Data shown:
======
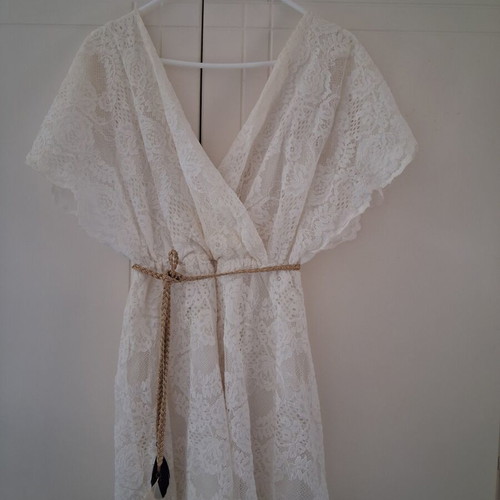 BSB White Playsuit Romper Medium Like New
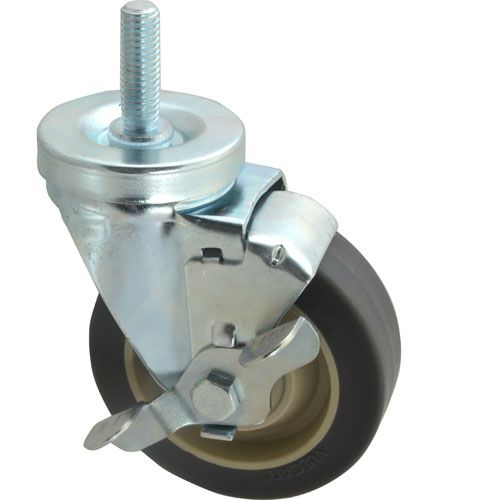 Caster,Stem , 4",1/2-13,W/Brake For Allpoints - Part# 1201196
======
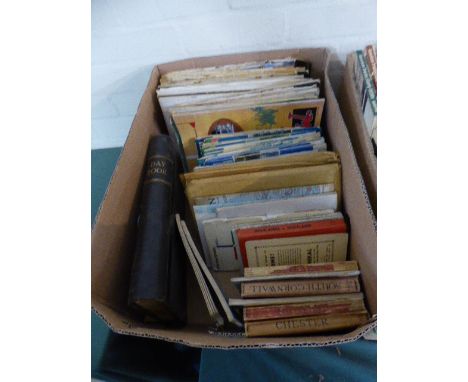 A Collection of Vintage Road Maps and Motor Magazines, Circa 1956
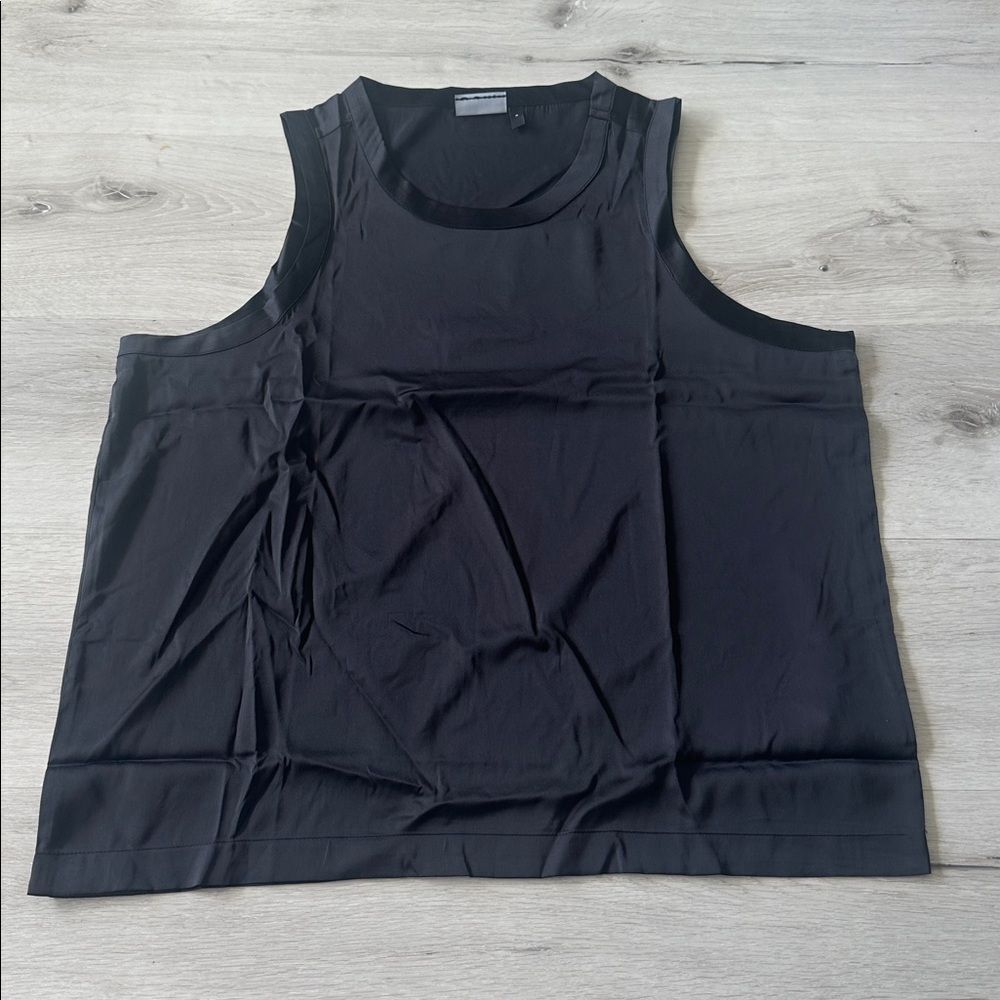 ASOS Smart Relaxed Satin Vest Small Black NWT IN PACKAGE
======
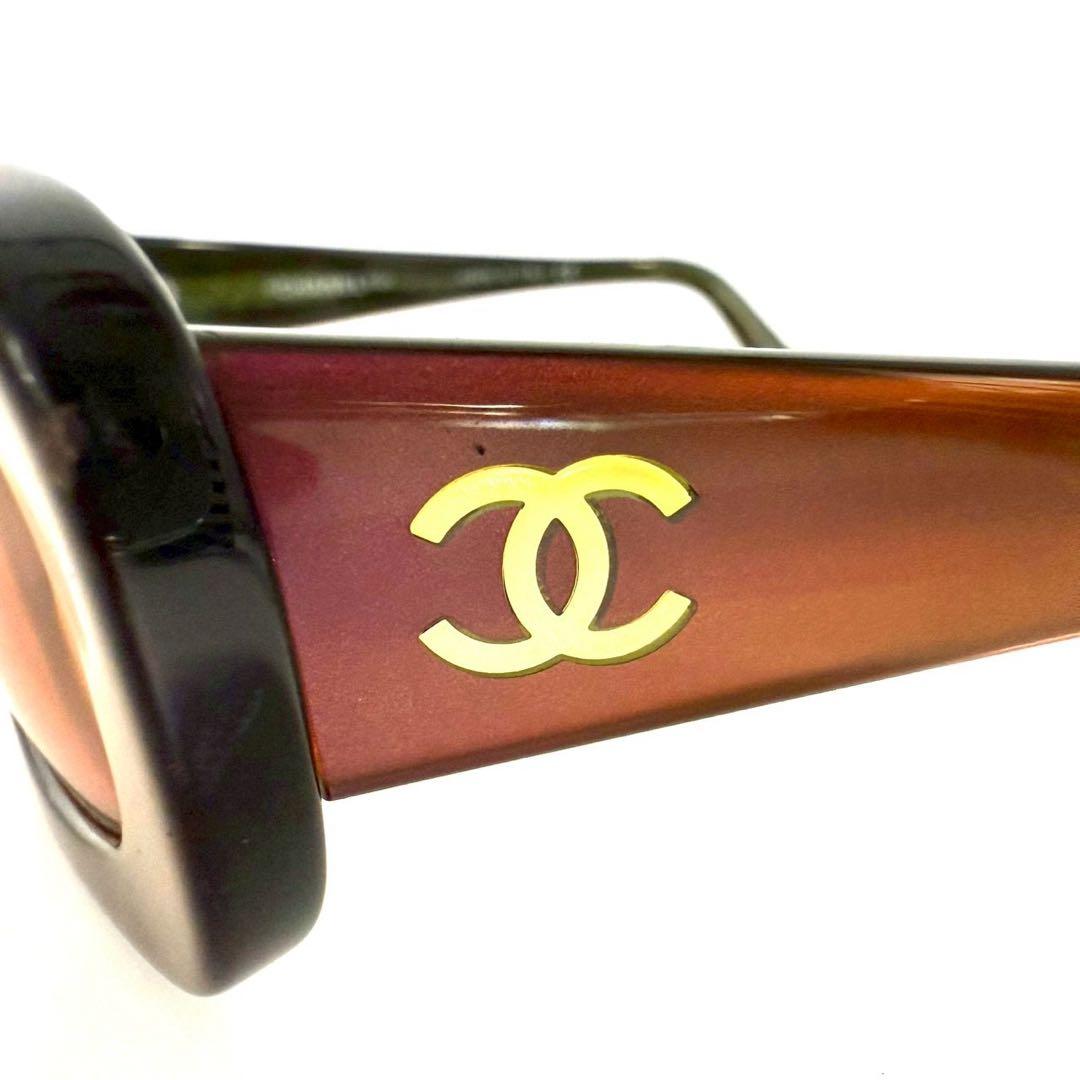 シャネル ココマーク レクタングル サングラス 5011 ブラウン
======
Aim of the task: In the listing above, find the line containing "A Collection of" and the line containing "ASOS Smart Relaxed Satin", then print exactly those two lines and every line between them, minus the pictures.

Answer section:
 A Collection of Vintage Road Maps and Motor Magazines, Circa 1956
 ASOS Smart Relaxed Satin Vest Small Black NWT IN PACKAGE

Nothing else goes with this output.